**Data to process:**
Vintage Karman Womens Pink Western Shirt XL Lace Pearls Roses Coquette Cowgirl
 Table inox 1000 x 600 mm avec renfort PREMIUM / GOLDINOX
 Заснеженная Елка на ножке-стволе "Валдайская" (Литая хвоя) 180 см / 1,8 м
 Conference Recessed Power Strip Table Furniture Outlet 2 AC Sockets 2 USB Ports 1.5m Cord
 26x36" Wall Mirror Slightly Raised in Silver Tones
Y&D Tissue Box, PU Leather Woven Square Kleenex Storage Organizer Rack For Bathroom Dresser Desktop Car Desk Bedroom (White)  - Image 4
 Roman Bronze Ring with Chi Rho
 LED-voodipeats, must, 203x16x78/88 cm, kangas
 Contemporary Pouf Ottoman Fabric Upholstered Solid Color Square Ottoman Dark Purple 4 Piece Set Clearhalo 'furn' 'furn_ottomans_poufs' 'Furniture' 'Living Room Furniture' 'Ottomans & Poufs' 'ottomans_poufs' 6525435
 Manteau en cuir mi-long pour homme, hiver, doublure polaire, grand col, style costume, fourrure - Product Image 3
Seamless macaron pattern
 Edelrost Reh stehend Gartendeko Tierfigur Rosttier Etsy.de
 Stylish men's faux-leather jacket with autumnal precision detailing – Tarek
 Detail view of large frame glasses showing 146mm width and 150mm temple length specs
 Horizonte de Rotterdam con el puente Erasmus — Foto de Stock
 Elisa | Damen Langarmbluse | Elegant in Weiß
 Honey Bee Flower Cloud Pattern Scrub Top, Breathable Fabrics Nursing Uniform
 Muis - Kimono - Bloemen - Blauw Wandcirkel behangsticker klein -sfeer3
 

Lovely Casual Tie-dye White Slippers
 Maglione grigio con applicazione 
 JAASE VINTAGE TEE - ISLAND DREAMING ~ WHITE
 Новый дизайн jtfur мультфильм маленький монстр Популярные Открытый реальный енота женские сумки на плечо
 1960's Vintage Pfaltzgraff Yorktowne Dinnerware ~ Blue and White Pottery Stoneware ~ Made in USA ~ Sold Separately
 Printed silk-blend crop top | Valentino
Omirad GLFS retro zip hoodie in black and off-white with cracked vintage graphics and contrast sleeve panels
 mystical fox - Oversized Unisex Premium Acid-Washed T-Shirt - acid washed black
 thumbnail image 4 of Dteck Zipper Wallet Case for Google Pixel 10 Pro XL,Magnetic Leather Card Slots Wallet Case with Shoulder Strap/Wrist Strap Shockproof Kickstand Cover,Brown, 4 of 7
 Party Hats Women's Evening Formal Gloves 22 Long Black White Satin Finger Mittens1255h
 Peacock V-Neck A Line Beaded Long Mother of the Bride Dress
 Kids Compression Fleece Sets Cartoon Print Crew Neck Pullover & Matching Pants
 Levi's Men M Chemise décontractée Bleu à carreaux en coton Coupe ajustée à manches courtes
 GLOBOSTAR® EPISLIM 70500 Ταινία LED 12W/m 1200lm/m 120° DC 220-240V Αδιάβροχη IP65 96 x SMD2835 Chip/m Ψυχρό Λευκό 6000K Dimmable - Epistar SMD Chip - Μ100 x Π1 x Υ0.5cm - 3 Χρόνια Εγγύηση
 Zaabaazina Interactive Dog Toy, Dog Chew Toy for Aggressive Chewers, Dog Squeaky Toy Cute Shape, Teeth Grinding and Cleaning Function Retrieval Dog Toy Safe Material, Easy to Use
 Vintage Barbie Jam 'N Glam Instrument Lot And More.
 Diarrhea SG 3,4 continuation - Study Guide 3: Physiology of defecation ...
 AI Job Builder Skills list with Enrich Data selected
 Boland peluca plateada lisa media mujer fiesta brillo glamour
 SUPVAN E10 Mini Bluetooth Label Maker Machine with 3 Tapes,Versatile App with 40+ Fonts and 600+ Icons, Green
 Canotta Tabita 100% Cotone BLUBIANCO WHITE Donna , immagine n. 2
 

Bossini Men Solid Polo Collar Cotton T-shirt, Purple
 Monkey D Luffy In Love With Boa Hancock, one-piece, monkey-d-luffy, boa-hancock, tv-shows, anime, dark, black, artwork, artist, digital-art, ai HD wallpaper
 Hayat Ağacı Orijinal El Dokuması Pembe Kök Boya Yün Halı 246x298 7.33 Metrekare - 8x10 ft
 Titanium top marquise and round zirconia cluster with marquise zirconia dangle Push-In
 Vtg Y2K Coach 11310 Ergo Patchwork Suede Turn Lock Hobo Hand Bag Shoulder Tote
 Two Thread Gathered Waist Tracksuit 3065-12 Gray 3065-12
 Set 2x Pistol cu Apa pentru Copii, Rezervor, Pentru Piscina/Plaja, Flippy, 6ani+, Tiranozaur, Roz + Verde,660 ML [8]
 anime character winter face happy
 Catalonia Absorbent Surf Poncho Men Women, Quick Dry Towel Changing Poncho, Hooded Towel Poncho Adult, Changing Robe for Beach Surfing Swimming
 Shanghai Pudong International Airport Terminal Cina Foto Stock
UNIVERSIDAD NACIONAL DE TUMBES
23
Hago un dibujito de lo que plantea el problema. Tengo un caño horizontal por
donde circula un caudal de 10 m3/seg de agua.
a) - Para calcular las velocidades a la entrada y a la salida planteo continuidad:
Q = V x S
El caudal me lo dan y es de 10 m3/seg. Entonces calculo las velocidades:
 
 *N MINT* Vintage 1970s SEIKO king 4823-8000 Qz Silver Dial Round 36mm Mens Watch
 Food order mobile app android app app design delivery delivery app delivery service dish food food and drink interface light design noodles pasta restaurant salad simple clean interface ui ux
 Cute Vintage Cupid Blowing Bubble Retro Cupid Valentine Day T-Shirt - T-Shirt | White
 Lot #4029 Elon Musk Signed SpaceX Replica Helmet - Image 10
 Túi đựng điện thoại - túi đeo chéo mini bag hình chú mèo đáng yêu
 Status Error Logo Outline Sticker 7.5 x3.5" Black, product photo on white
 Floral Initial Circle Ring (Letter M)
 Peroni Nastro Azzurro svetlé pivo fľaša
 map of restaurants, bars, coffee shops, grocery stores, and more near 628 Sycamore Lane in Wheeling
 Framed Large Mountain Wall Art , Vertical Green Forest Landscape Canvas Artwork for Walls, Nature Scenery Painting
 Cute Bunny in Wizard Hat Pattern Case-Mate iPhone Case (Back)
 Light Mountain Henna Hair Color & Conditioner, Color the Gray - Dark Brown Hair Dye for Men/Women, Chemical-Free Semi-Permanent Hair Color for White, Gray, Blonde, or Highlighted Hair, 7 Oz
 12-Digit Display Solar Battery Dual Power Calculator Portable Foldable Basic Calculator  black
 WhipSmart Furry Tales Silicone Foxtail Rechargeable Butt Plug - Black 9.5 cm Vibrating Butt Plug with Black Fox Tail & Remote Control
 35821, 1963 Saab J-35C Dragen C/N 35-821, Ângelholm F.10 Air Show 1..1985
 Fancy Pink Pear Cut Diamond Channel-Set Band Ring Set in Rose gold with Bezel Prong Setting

**Aim of the exercise:**
Across all of the material above, how many lines contain the word "caudal"? Only the number should be given.

**Exercise solution:**
2